## SOURCE MATERIAL
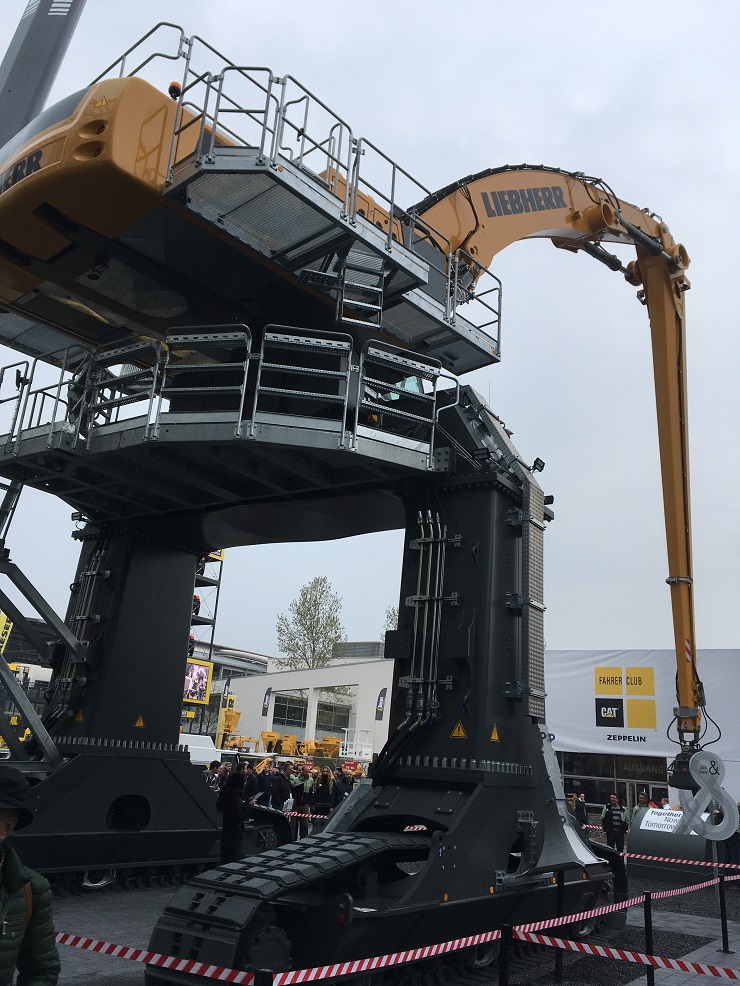 1 Liebherr x 740 bauma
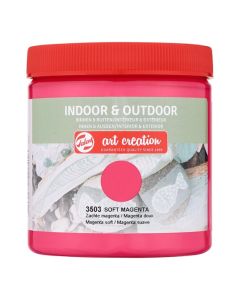 Indoor & Outdoor 250 ml Soft Magenta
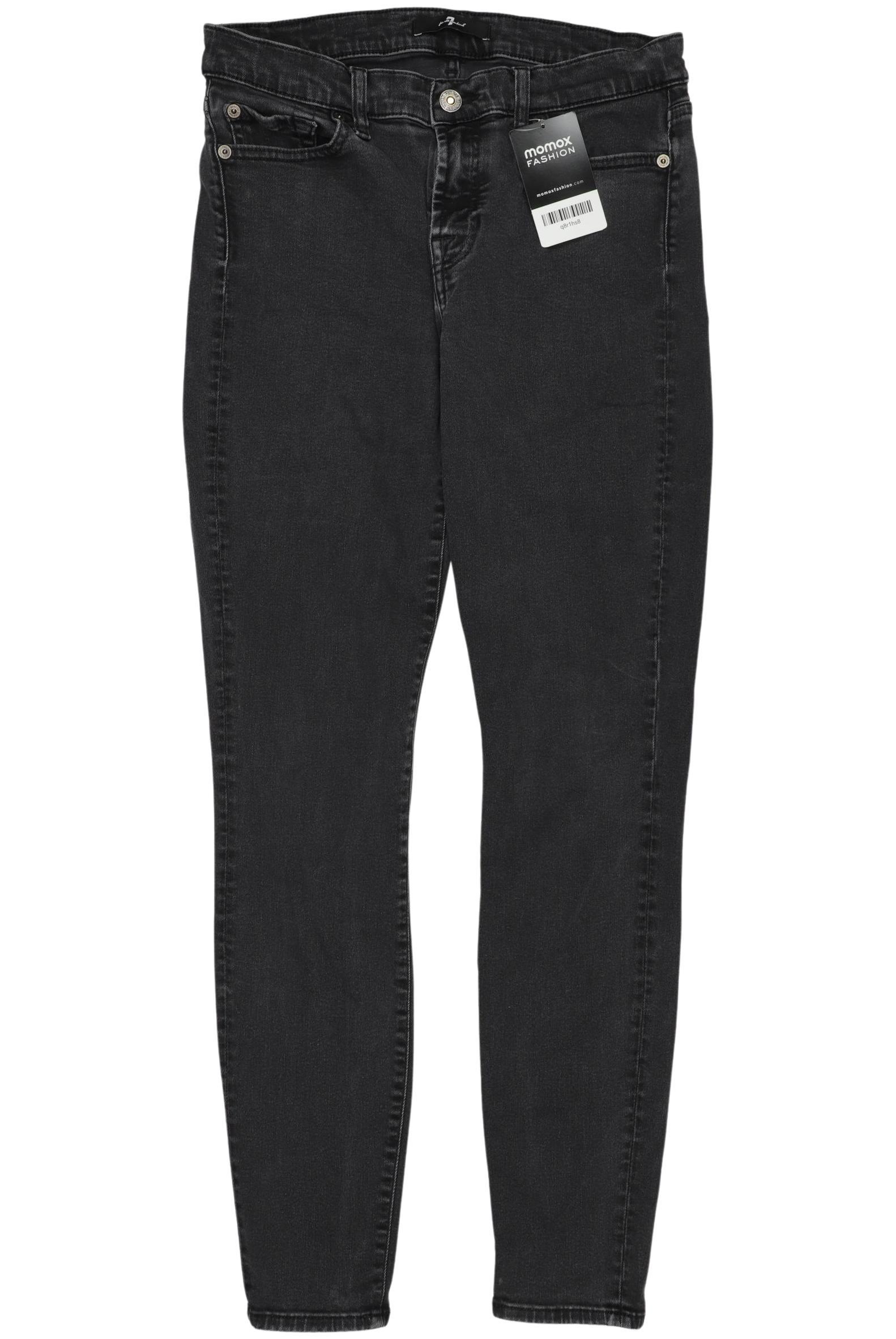 

7 for all mankind Damen Jeans, grau, Gr. 29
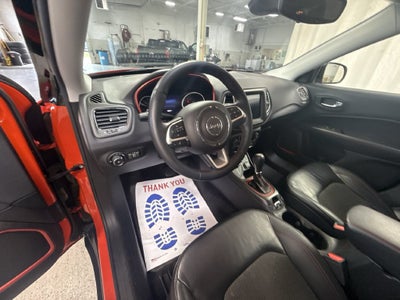 2018 Jeep Compass Trailhawk 4x4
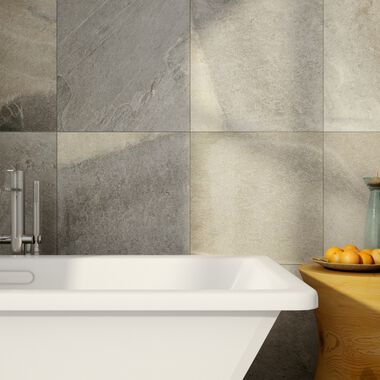 Ba&ntilde;o Strata Gris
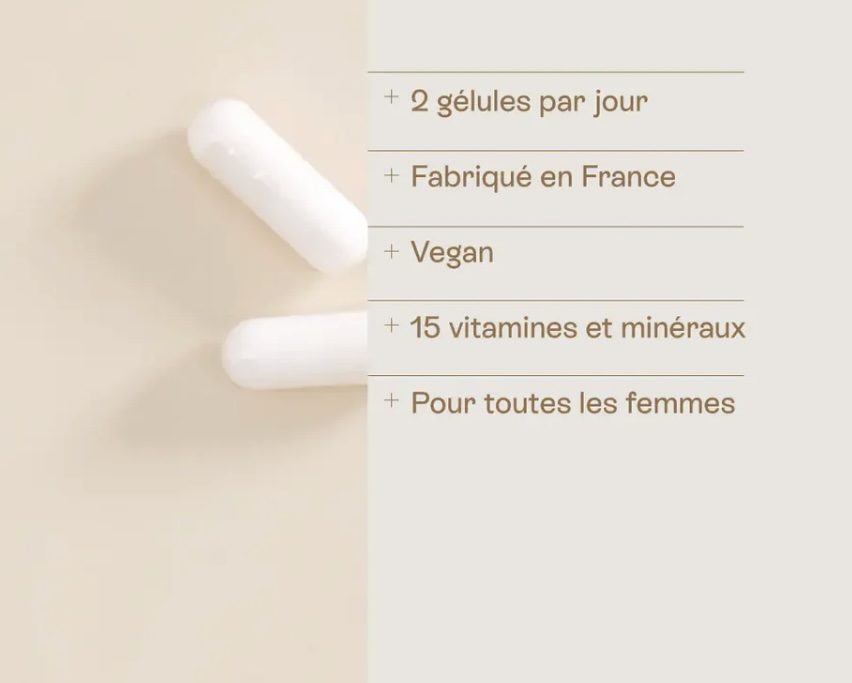 Multi-Vitamines Femme - Jolly Mama ! – Image 2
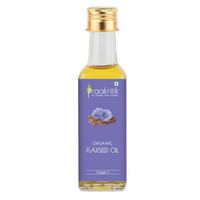 Thumbnail for Praakritik Organic Flaxseed Oil - Distacart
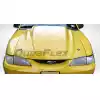 1994-1998 Ford Mustang Duraflex 3" Cowl Hood - 1 Piece - Image 2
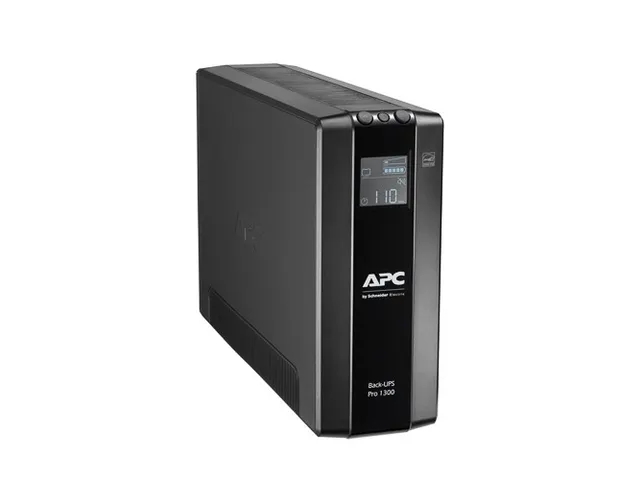 Back UPS Pro BR 1300VA - 8 CEI - AVR - Interface LCD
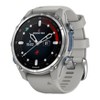 Garmin Descent Mk3i Watch Style-Dive Computer, 43mm, Steel with Fog Gray Band - 4 of 4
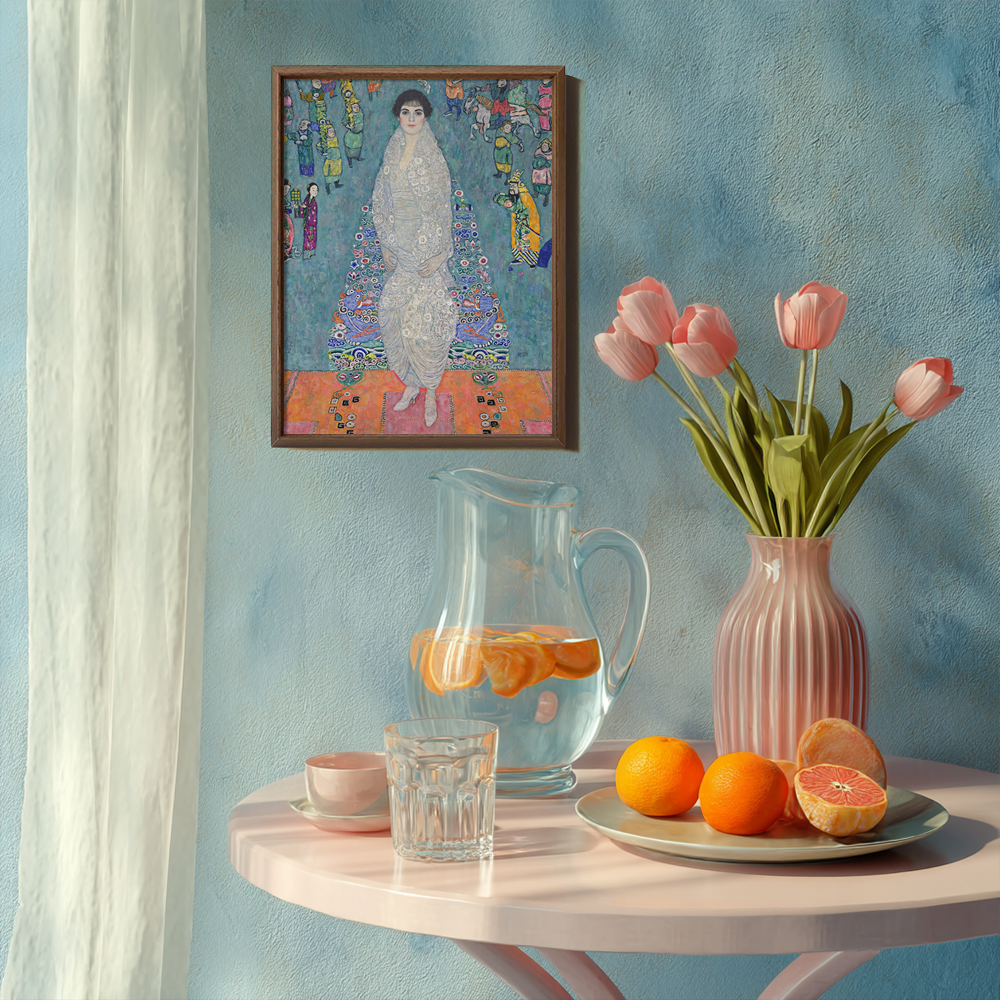 Portrait of Elisabeth Lederer Secession Reverie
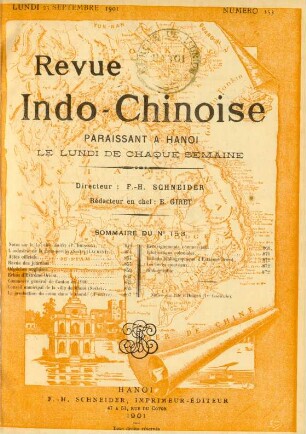 Lundi 23 Septembre 1901. Numéro 153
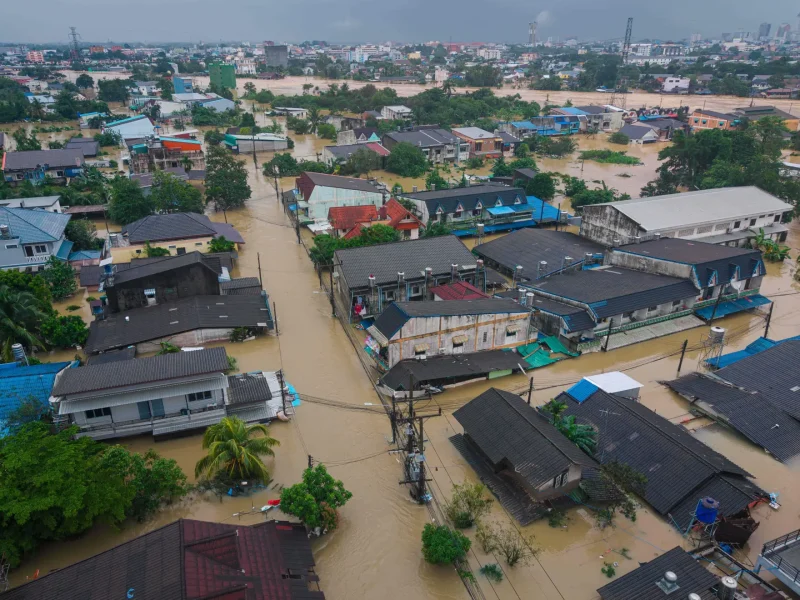 Siklon Tropis Senyar Picu Curah Hujan Ekstrem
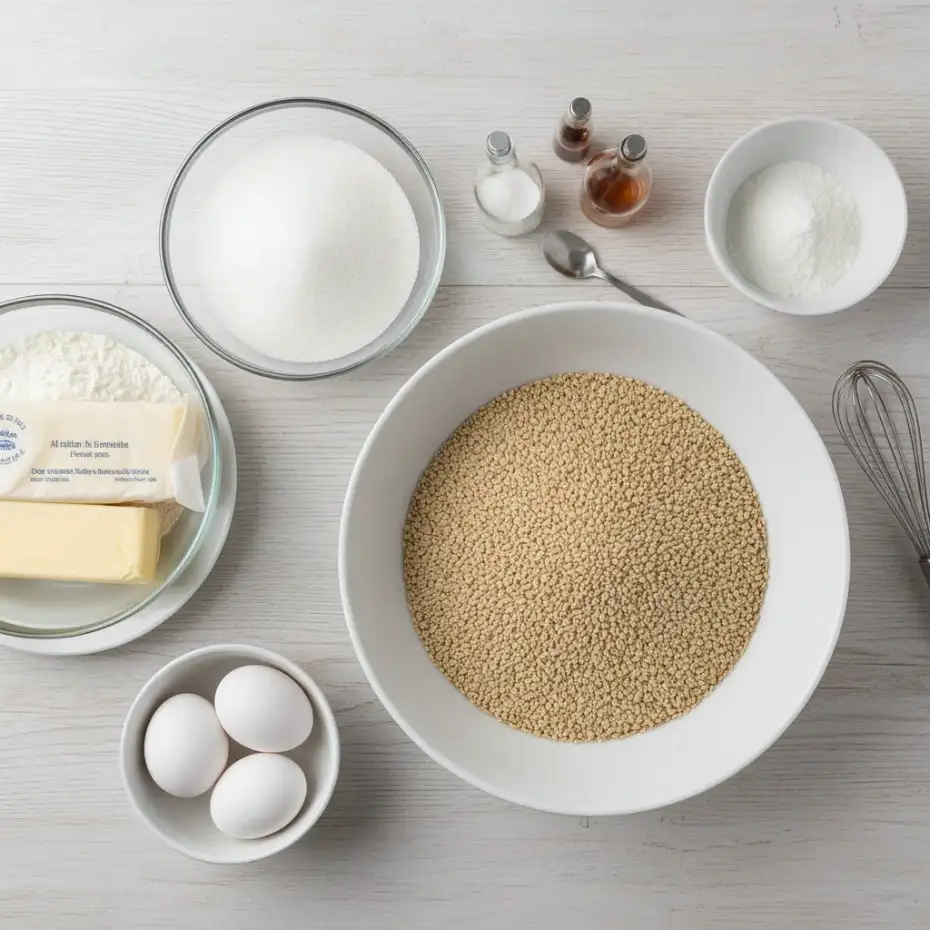 Italian Sesame Cookies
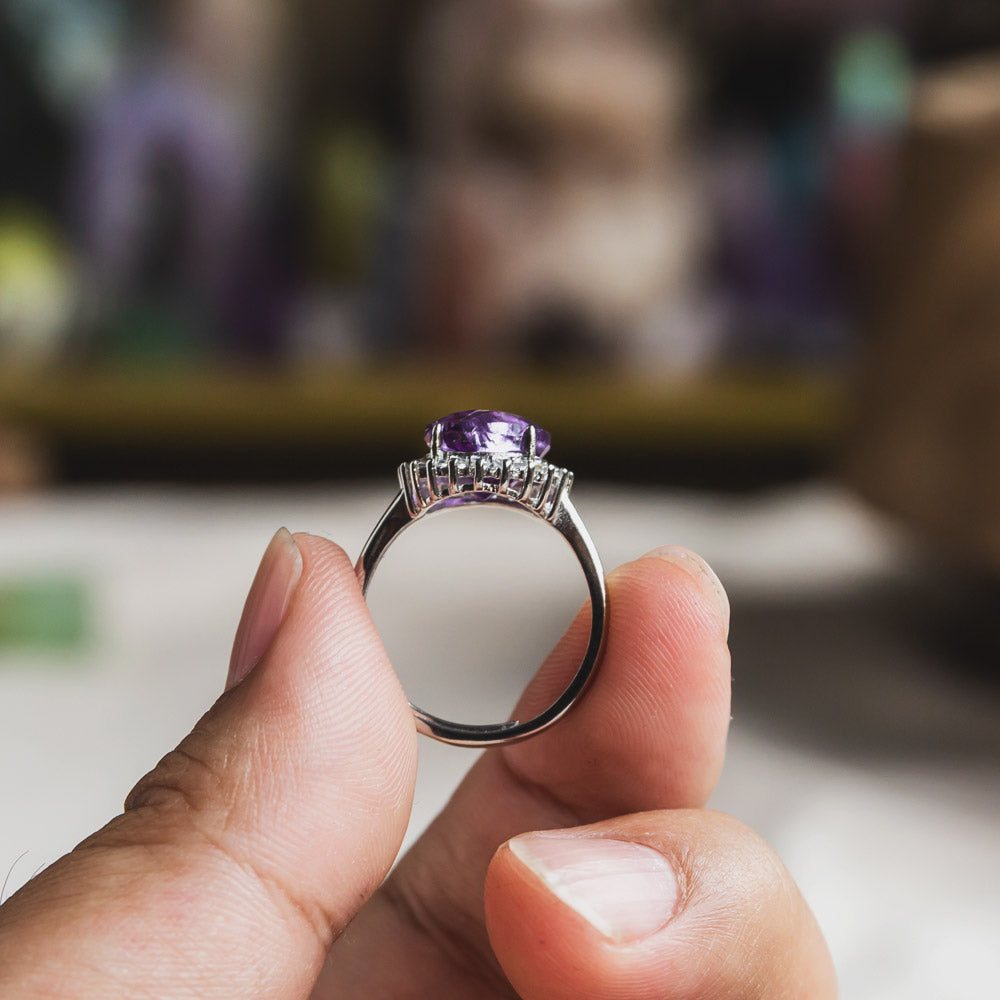 Amethyst Ring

## WHAT IS NEEDED
Every line above goes into your copy exactly; no images go in.

## REPLY
 1 Liebherr x 740 bauma
 Indoor & Outdoor 250 ml Soft Magenta

7 for all mankind Damen Jeans, grau, Gr. 29
 2018 Jeep Compass Trailhawk 4x4
 Ba&ntilde;o Strata Gris
 Multi-Vitamines Femme - Jolly Mama ! – Image 2
 Thumbnail for Praakritik Organic Flaxseed Oil - Distacart
 1994-1998 Ford Mustang Duraflex 3" Cowl Hood - 1 Piece - Image 2
 Back UPS Pro BR 1300VA - 8 CEI - AVR - Interface LCD
 Garmin Descent Mk3i Watch Style-Dive Computer, 43mm, Steel with Fog Gray Band - 4 of 4
 Portrait of Elisabeth Lederer Secession Reverie
 Lundi 23 Septembre 1901. Numéro 153
 Siklon Tropis Senyar Picu Curah Hujan Ekstrem
 Italian Sesame Cookies
 Amethyst Ring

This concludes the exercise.